Work to be completed: Restate the records that follow word for word; no pictures should appear.

Dataset:
————————
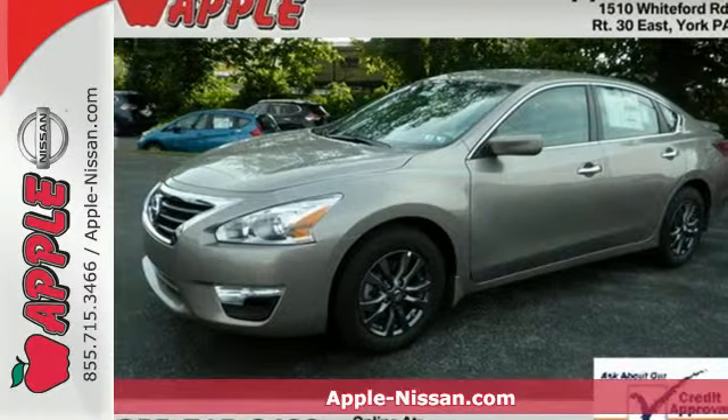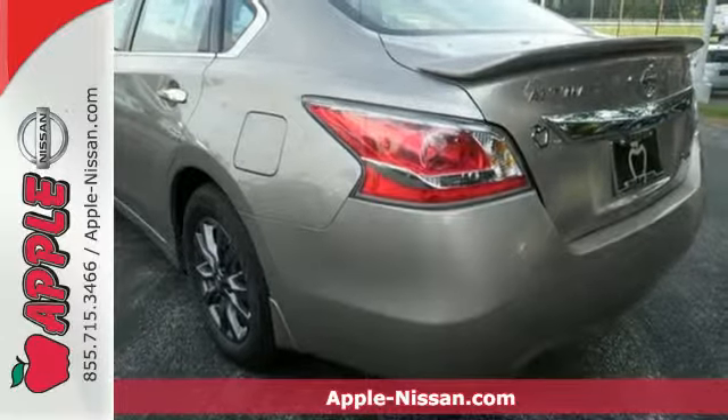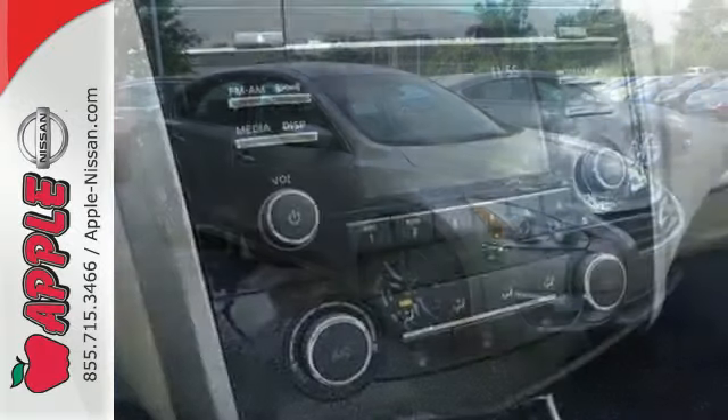It's a 2015 Nissan Altima. This sedan comes equipped with a suite of standard safety, driving, and convenience features aimed to inspire certainty behind the wheel.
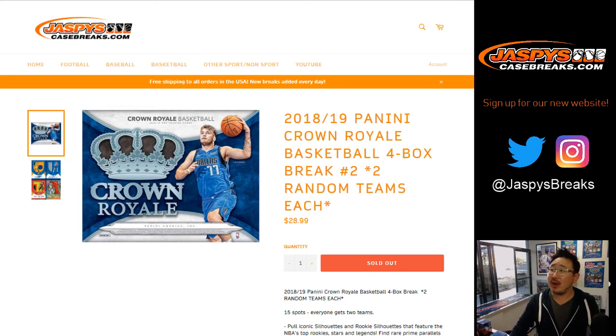Good afternoon everyone. Joe for jazbeescasebreaks.com with another random team break of 2018-19 Panini Crown Royale basketball. Brand new release just dropped today. Four box random team break number two, so it's a quarter of a case.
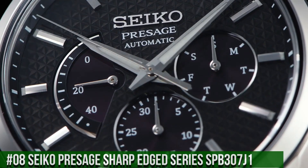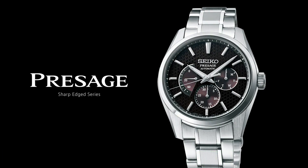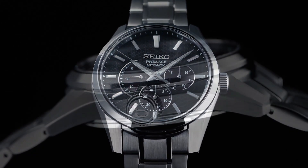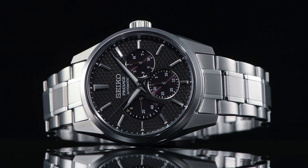Caliber 6R21. Power reserve: up to 45 hours. Water resistance: 100 meters / 330 feet. Calendar: date hand at 6 o'clock position. Functions: date, day, hour, minute, second.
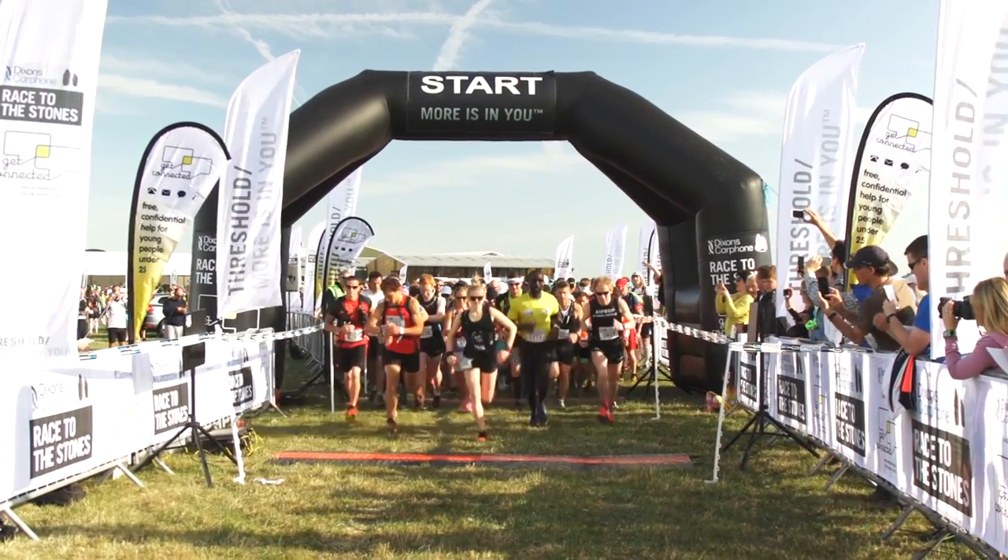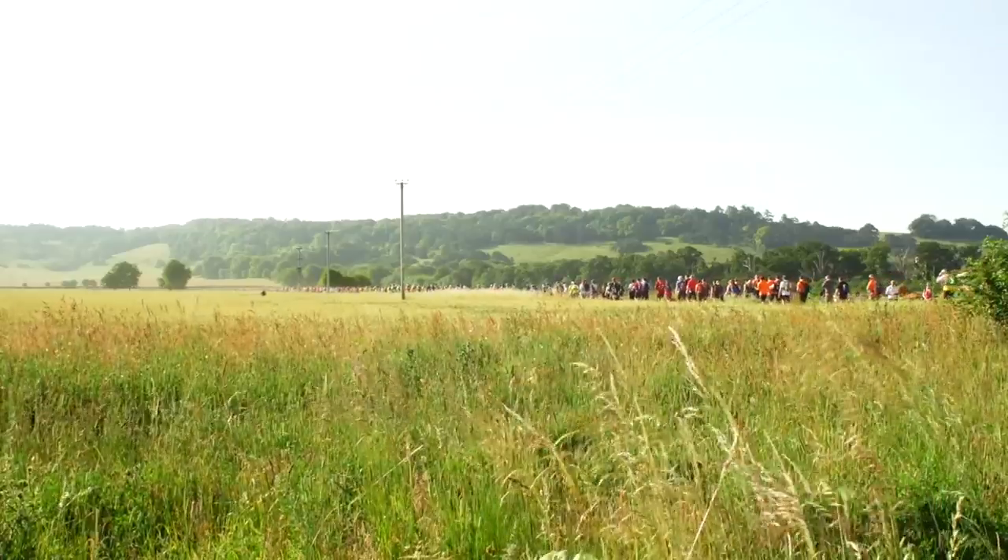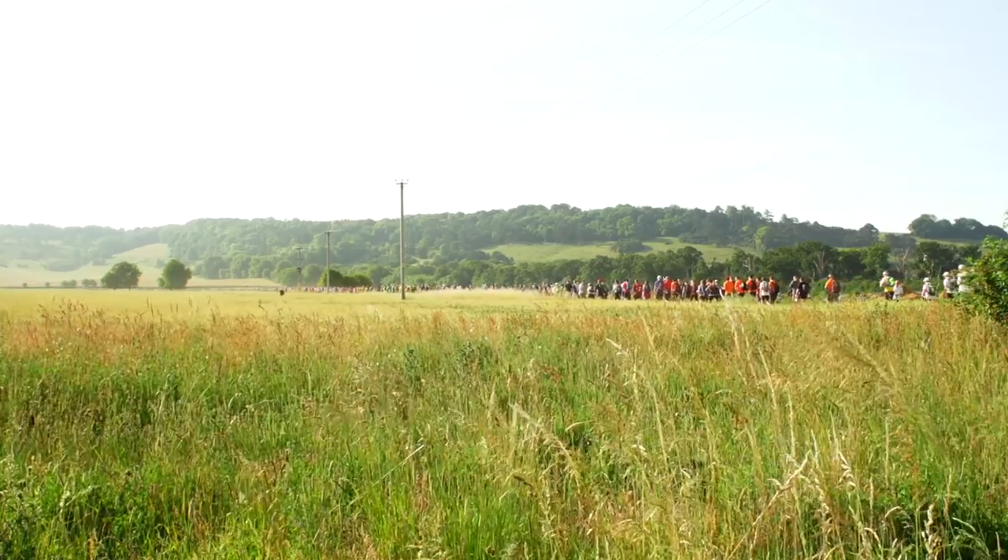At certain points of the race, particularly at the start, you'll have a lot of bodies in front of you as you're trying to move forward. It's wise to give yourself a little bit of space so you can see your feet and make sure you don't trip over anything.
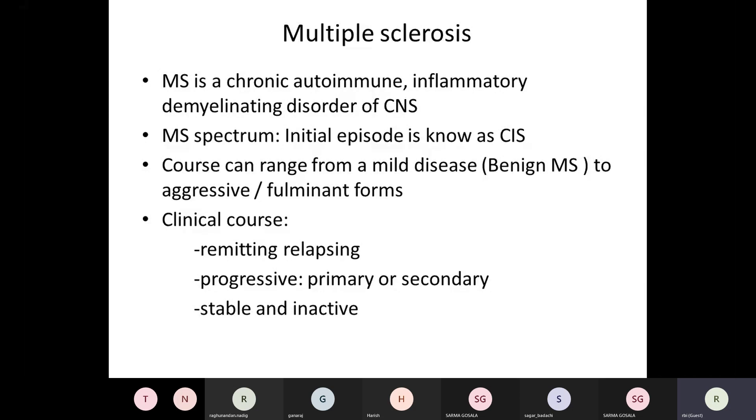The clinical course can be remitting-relapsing, where symptoms come and go with some demyelination and inflammation followed by recovery. Or there can be a progressive course — either primary progressive MS from day one, or secondary progressive MS evolving after initial relapsing-remitting years. Many people are stable and inactive, meaning no evidence of disease activity during the last year. We need to figure out where somebody is in the MS spectrum to choose the right therapy.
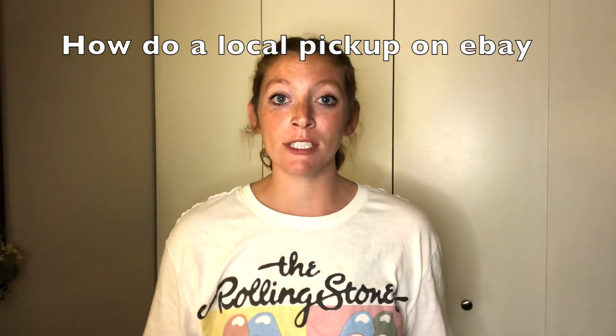Hi guys, welcome back. My name is Courtney. Today we are going to talk about pickup only on eBay.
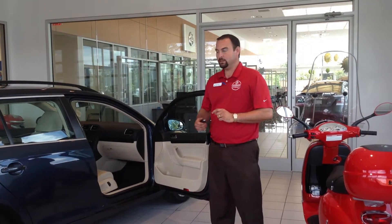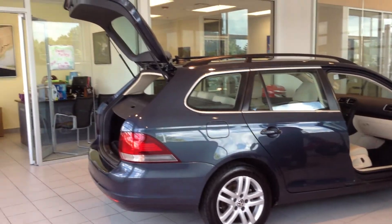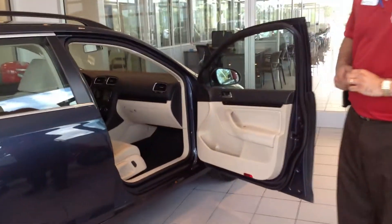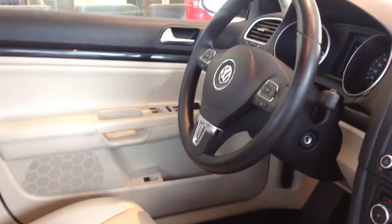Hi, this is Brad Cash of Nissan Noon, and today I have a 2010 model Volkswagen Jetta, blue, with almond leather interior. All power windows, door locks, and a 7-inch touch screen display in the center.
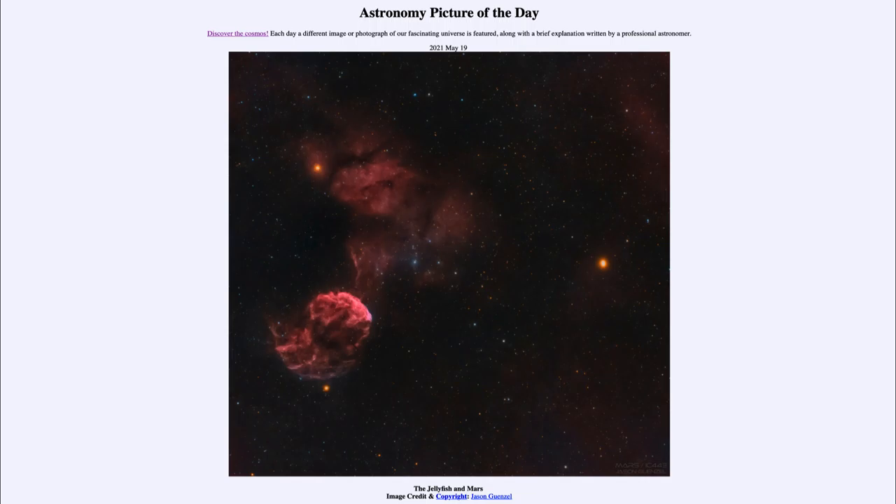Mars has also been very prominent in the news recently over the last few months, with the landing of the Perseverance rover and the testing of the Ingenuity helicopter on the surface of Mars over the past couple of months.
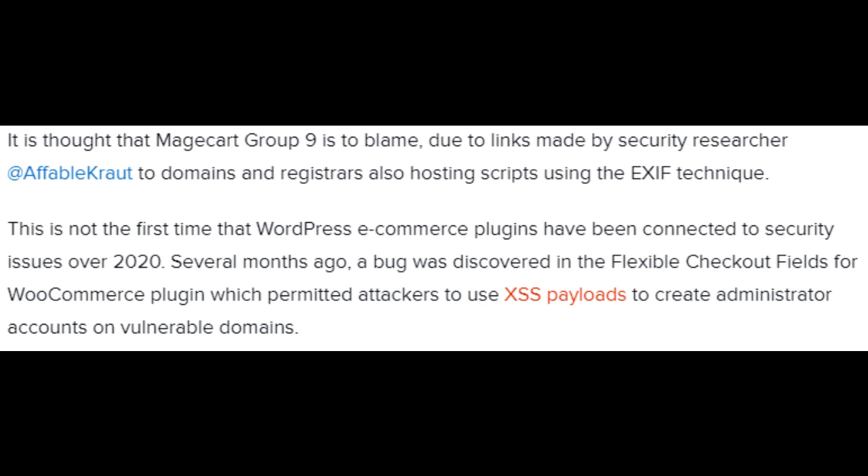It is thought that Magecart Group 9 is to blame, due to links made by security researchers at Affable Kraut to domains and registrars also hosting scripts using the EXIF technique. This is not the first time that WordPress e-commerce plugins have been connected to security issues over 2020. Several months ago, a bug was discovered in the Flexible Checkout Fields for WooCommerce plugin which permitted attackers to use XSS payloads to create administrator accounts on vulnerable domains.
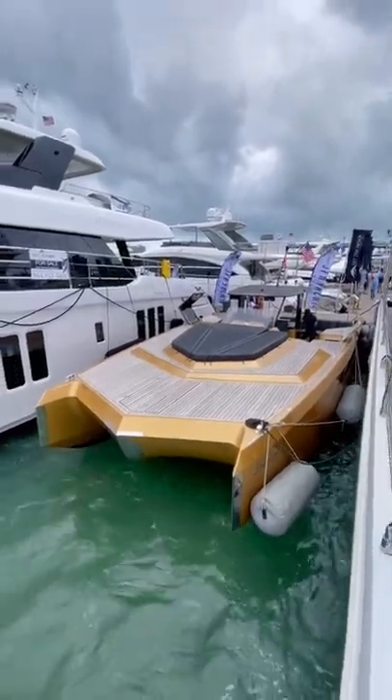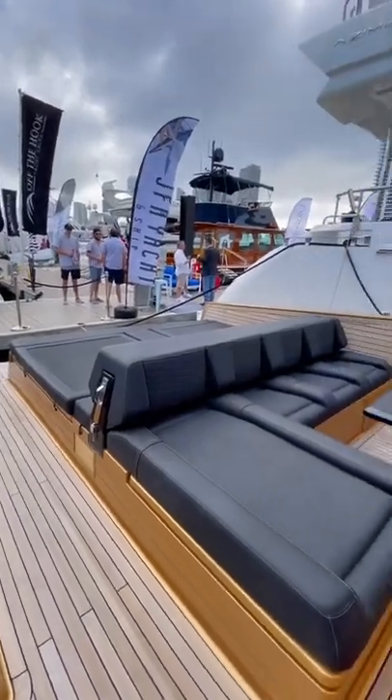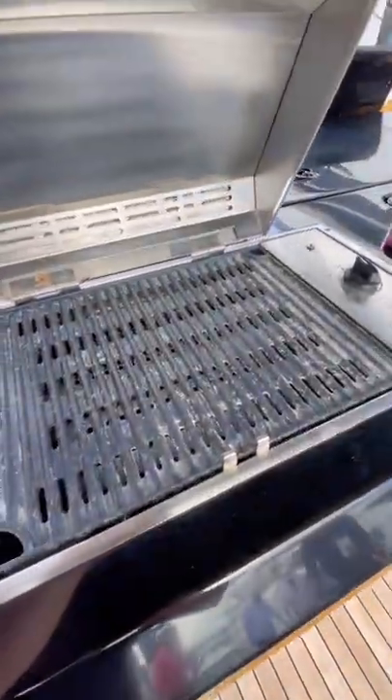This boat has over 1,000 carats of diamonds in its paint and 1,700 horsepower. You heard that right — Sunreef crushed up 1,000 carats of diamonds when creating this unique shade of gold. The result is a paint job that sparkles in the sun.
————————
Output of the exercise:
It's a 2015 Nissan Altima. This sedan comes equipped with a suite of standard safety, driving, and convenience features aimed to inspire certainty behind the wheel.
Good afternoon everyone. Joe for jazbeescasebreaks.com with another random team break of 2018-19 Panini Crown Royale basketball. Brand new release just dropped today. Four box random team break number two, so it's a quarter of a case.
Caliber 6R21. Power reserve: up to 45 hours. Water resistance: 100 meters / 330 feet. Calendar: date hand at 6 o'clock position. Functions: date, day, hour, minute, second.
At certain points of the race, particularly at the start, you'll have a lot of bodies in front of you as you're trying to move forward. It's wise to give yourself a little bit of space so you can see your feet and make sure you don't trip over anything.
The clinical course can be remitting-relapsing, where symptoms come and go with some demyelination and inflammation followed by recovery. Or there can be a progressive course — either primary progressive MS from day one, or secondary progressive MS evolving after initial relapsing-remitting years. Many people are stable and inactive, meaning no evidence of disease activity during the last year. We need to figure out where somebody is in the MS spectrum to choose the right therapy.
Hi guys, welcome back. My name is Courtney. Today we are going to talk about pickup only on eBay.
Hi, this is Brad Cash of Nissan Noon, and today I have a 2010 model Volkswagen Jetta, blue, with almond leather interior. All power windows, door locks, and a 7-inch touch screen display in the center.
Mars has also been very prominent in the news recently over the last few months, with the landing of the Perseverance rover and the testing of the Ingenuity helicopter on the surface of Mars over the past couple of months.
It is thought that Magecart Group 9 is to blame, due to links made by security researchers at Affable Kraut to domains and registrars also hosting scripts using the EXIF technique. This is not the first time that WordPress e-commerce plugins have been connected to security issues over 2020. Several months ago, a bug was discovered in the Flexible Checkout Fields for WooCommerce plugin which permitted attackers to use XSS payloads to create administrator accounts on vulnerable domains.
This boat has over 1,000 carats of diamonds in its paint and 1,700 horsepower. You heard that right — Sunreef crushed up 1,000 carats of diamonds when creating this unique shade of gold. The result is a paint job that sparkles in the sun.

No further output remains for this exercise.